The title of today’s blog is the actual headline from an article in the Detroit Free Press. Honestly, I’m confused. So you didn’t shoot a bunch of kids with airsoft guns, what, do you want a cookie or something? I understand that it was a “charged” situation, and the police were responding to a “man with a gun” call; however I’ve never been big on congratulating people for doing their job. However, this article does continue to illuminate a fascinating new aspect of hoplophobia, specifically the fear of toy guns. Airsoft Hysteria might be another good phrase for it.
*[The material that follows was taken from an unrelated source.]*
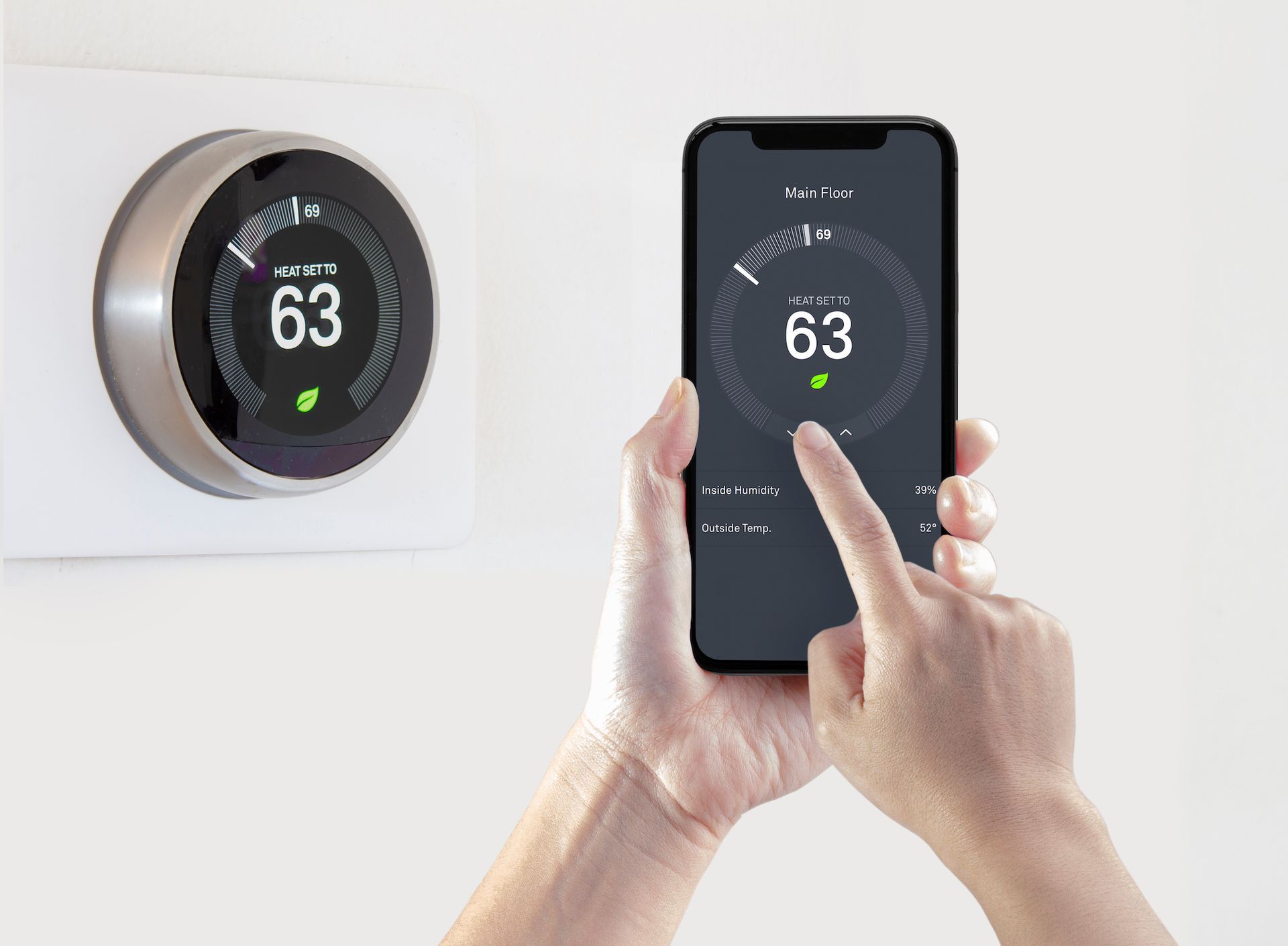 Round thermostat showing 63° beside a smartphone controlling the same temperature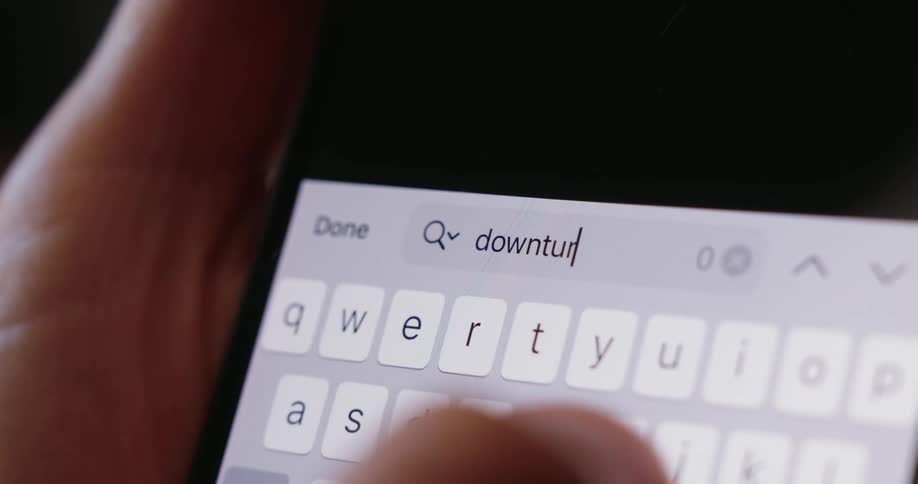 The word downturn is searched on the cell phone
I’ve seen several articles in the news from our neighbors to the north about SWAT teams being called because kids were playing in their front yard with airsoft guns. These are paralleled by articles from across the pond where houses have been raided due to a Lara Croft cutout being seen in a house. I’m honestly tremendously interested in such stories – they’re all usually the same as well. It starts with some kids playing, the kids are observed by an adult who calls the Five-Oh all in a tizzy, and the cops show up en masse, the kids smartly put their toys down, and the whole mess concludes with an article in the local rag about the dangers of toy guns.
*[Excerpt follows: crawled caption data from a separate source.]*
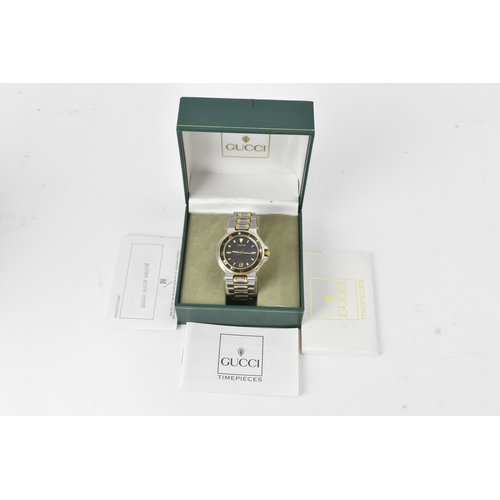 8 - A Gucci 9700M, quartz, gents, stainless steel and gold-plated wristwatch, circa 1995, the textured b... 
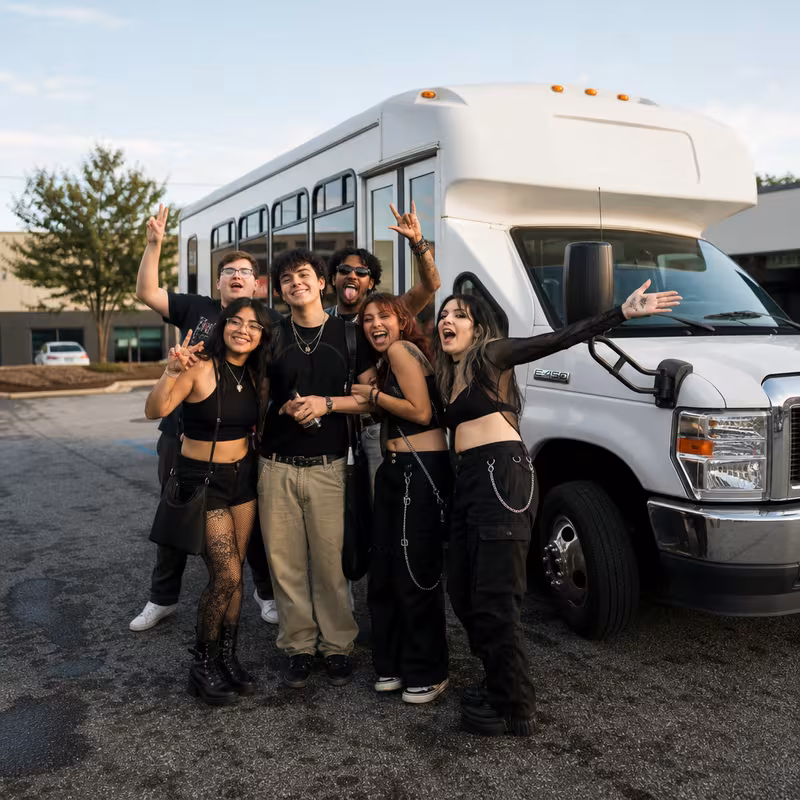 Black Mercedes Sprinter van staged for an Aurora Concert Transportation group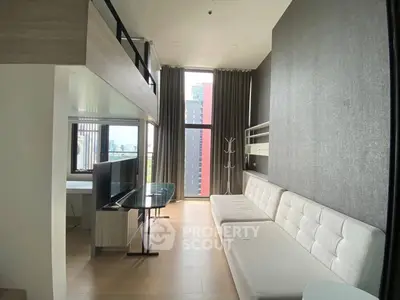 Modern loft apartment with high ceilings and large windows offering city views.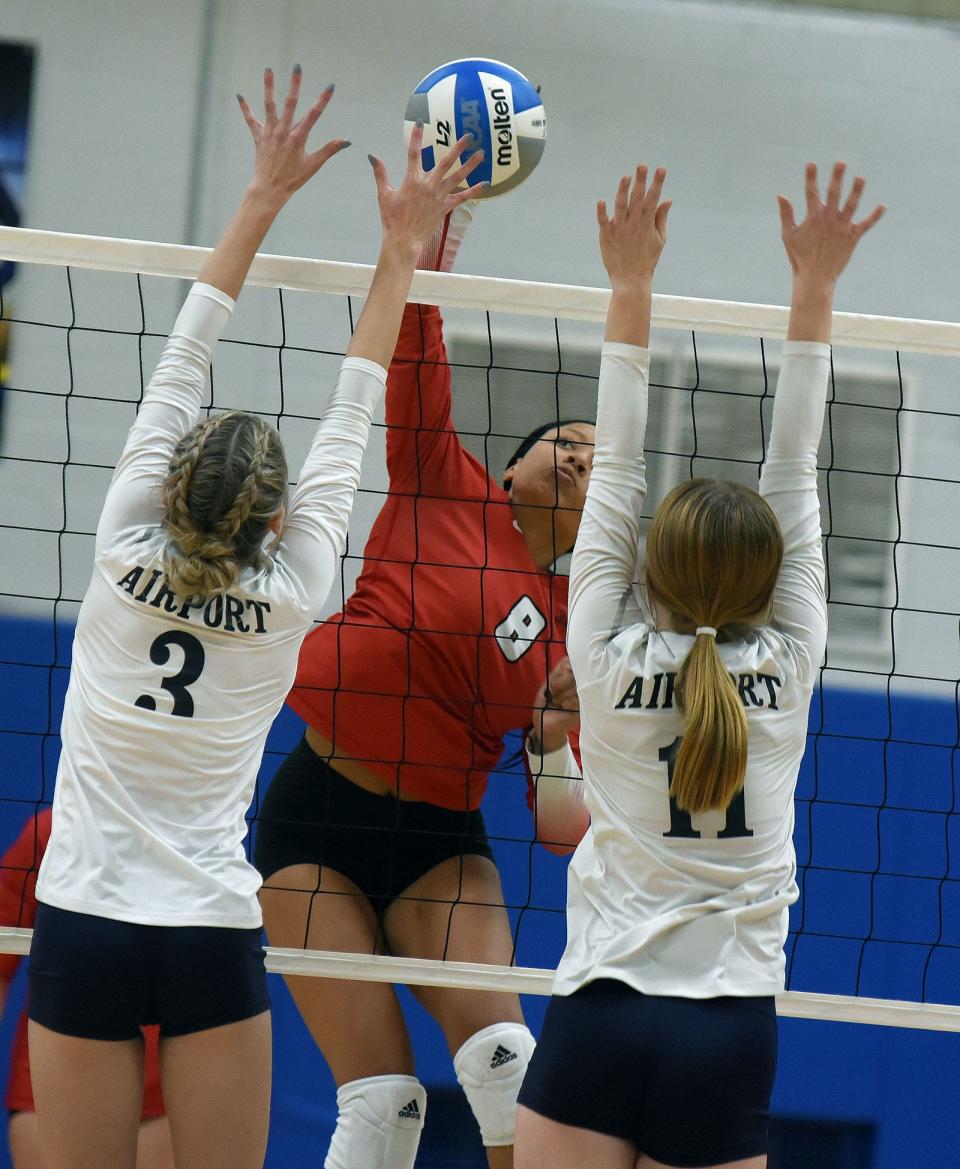Malea Wourman of Milan goes up to spike as blockers Savannah Barkley and Renee Shrewsbury of Airport attempt to block in the Division 2 District semifinals Thursday.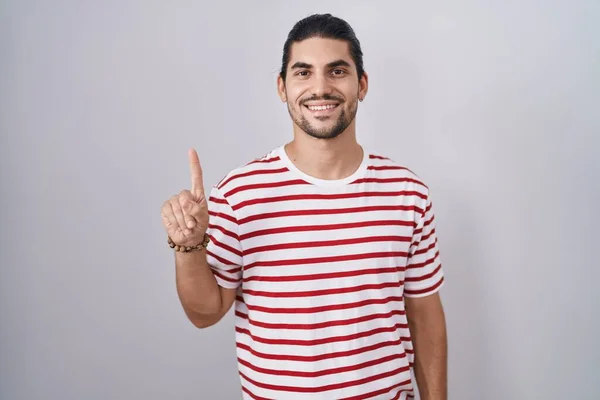 一个长头发的西班牙男人站在孤立的背景上 带着第一指尖 面带微笑 自信而快乐 — 图库照片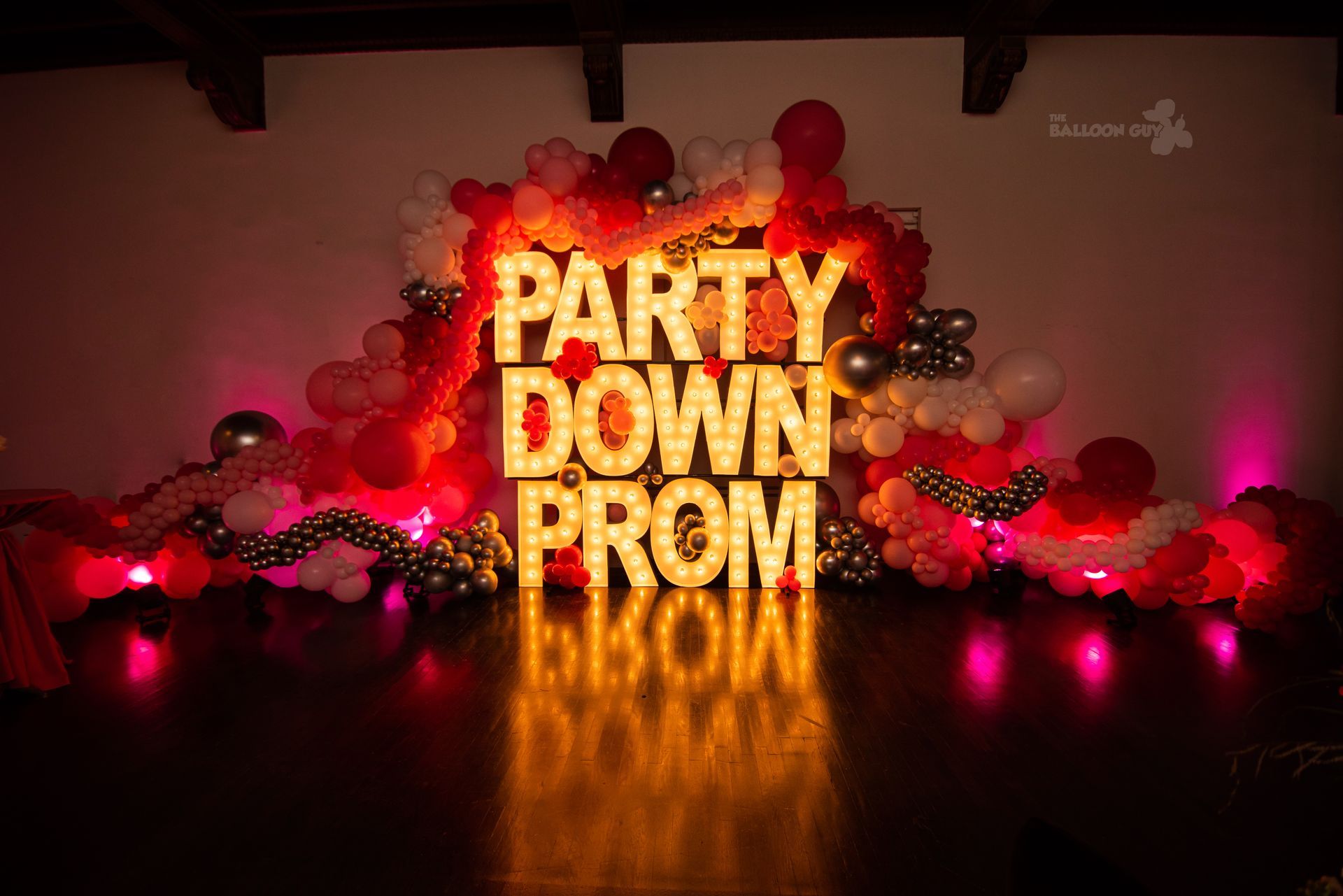 A sign that says `` party down prom '' is surrounded by balloons and lights.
This particular article is studded with gems, however the last paragraph in particular stands out to me.
“If they’re playing on their own property, we can’t regulate that,” Carroll said. “But, in the public, just being in a situation where we don’t know where the fantasy begins and ends … parents don’t know the danger they’re (sic) kids are putting themselves in.
“We just know there are people out there with guns so realistic it’s downright scary.”
There are two parts of that quote that I don’t like. The first is the “we can’t regulate” if they’re playing on their own property. From the tone of the article, the Chief sounds almost disappointed that they can’t tell citizens what to do on their own property. The second part is the last line, about how “it’s scary” how realistic some of the toy guns have become. I understand that no cop wants to shoot an innocent person, I’m just questioning his choice of words.
I remember when I was growing up, an LAPD officer shot a kid who turned out to have a toy gun. This sparked the California law that mandates the orange tip on toy guns. Additionally, with my father being a deputy sheriff, we were very strongly lecture to never, ever, point toy guns at police officers, or even other people. If we were playing with toy guns, we had to be responsible with them.
That’s the point of all this – behind the Airsoft Hysteria is the message that these items are dangerous, because a cop might accidentally shoot a kid. That’s a problem, because it removes the burden of responsibility from the parents and the police and places it on an inanimate object. The “for the children” saw is very familiar to 2nd Amendment activists, as it’s often used as an excuse to ban real firearms. Of course, it doesn’t address the real issue with gun bans; nor does it address the issue of toy guns.
I can tell you how to solve the toy gun “problem”, and eliminate all the perceived dangers of these “scary looking” toys. The process involves both the police, and parents. Parents need to teach their children to be responsible with their toys – the kids in this article are actually a good example. When confronted by police, they immediately dropped their airsoft guns, and didn’t do anything stupid that might involve catching a bullet. If you’re going to play with airsoft, you have to be responsible. That’s step one. Step two involves the police. Why not have cops have an open meeting with teenagers – seriously. Have them all come to the YMCA or something, give them donuts, and talk about what to do if you’re playing with a toy gun and confronted by a police officer. No scare tactics, no “you shouldn’t ever play with toy guns.” Offer them honest education on the dangers of the situation. A lot of teenagers honestly have no idea how charged up a “man with a gun call” can be – why not educate them?